Pilgrim Notes

Reflections along the way.

Beginning the Advent Journey

adventThe year begins in darkness. Long nights, short days. We gather before the dawn–in the dark of human struggles and fears and loss. What lies ahead? What obstacles may block our way? Will we lose our way in the valley of the shadow of death? Night terrors haunt our days with division and distrust all around us. The nation is shouting. Brother against brother. Fathers and sons turning apart. Our country and even our world seem doomed to repeat another year of anger and hatred; another year of striving.

Advent is a season of waiting, looking, watching for the coming of the Lord, the coming of the Light. We watch and wait even as we walk an ancient path lit by songs of Gods’ people from ages past and the Wisdom of God handed down in Scripture and story and prayer. Advent is hope calling out in the dark. It is the song the of the nightingale, waking us in the deep night of sleep and calling us to watch for the hope that is coming, will come, has come.

As I started writing these words, my wife asked me to come and help her plant some trees. We walked around the leaf-covered lawn, looking for potential sites. Thoughts of the Advent journey still soaked my mind as I starting digging a hole. After covering the plant in dirt, my wife knelt down and prayed a blessing. I watched hope in action. Preparing for the light of tomorrow in the simple act of planting today.

Advent might be like planting a garden in the dark. We expect a coming light that will awaken these seeds to life. Isaiah sings out to the exiled children of God,

O house of Jacob,
come, let us walk
in the light of the Lord. (2:5)

And his song still echoes. Let us heed the call and walk in hope. As we go, let us plant seeds of love and peace and healing and joy. We plant a seed and keep moving forward in hope. In each step, we watch and wait expectantly for the Sun of Righteousness to come with healing in His wings.

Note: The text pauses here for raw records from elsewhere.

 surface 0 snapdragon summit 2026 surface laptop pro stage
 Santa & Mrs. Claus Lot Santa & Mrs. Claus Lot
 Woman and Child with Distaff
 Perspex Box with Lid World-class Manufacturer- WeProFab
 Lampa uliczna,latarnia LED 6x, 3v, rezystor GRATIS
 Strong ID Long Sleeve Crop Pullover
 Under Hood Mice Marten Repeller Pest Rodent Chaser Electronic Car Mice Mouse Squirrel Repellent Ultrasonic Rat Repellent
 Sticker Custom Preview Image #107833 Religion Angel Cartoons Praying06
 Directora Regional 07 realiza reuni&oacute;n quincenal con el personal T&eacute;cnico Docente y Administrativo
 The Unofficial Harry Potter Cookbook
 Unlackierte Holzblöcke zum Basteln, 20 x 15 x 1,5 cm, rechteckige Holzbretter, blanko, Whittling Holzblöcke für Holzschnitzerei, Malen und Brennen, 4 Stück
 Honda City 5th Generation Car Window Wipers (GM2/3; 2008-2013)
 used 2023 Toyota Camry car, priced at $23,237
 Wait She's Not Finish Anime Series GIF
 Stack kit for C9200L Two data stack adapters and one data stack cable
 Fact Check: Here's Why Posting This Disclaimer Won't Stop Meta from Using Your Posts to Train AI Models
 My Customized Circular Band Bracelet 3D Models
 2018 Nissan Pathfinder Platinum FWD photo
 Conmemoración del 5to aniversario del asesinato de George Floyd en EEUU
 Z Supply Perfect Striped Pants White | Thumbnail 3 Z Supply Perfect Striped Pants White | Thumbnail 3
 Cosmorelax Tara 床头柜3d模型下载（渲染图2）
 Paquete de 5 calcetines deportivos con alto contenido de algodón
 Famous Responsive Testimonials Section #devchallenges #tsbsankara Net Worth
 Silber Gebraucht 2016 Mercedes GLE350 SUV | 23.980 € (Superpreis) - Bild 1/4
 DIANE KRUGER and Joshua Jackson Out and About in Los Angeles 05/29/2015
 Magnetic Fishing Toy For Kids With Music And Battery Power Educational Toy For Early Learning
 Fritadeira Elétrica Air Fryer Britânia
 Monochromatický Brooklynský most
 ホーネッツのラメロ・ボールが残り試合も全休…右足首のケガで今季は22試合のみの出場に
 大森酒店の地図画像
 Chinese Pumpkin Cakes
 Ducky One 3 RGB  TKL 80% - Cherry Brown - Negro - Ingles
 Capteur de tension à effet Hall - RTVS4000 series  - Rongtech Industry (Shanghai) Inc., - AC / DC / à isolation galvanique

Image by Dunnock_D (used by permission via Creative Commons).

3 Comments

  1. “Advent is hope calling out in the dark.” The book of the Bible that speaks of hope the most is Psalms…a book on praise; however, Job speaks about it almost as much…a book of confusion, pain, and trial. I don’t think it’s coincidence that hope is mentioned the most in books, generally speaking, that are juxtaposed in themes of praise and misery. What bridges pain and praise more than hope? May this advent spark a hope in us that seeks out a God who knows our pain, but loves us enough for us to experience His resurrection.

  2. Blessings to you, Doug, on your journey in planting St Brendans!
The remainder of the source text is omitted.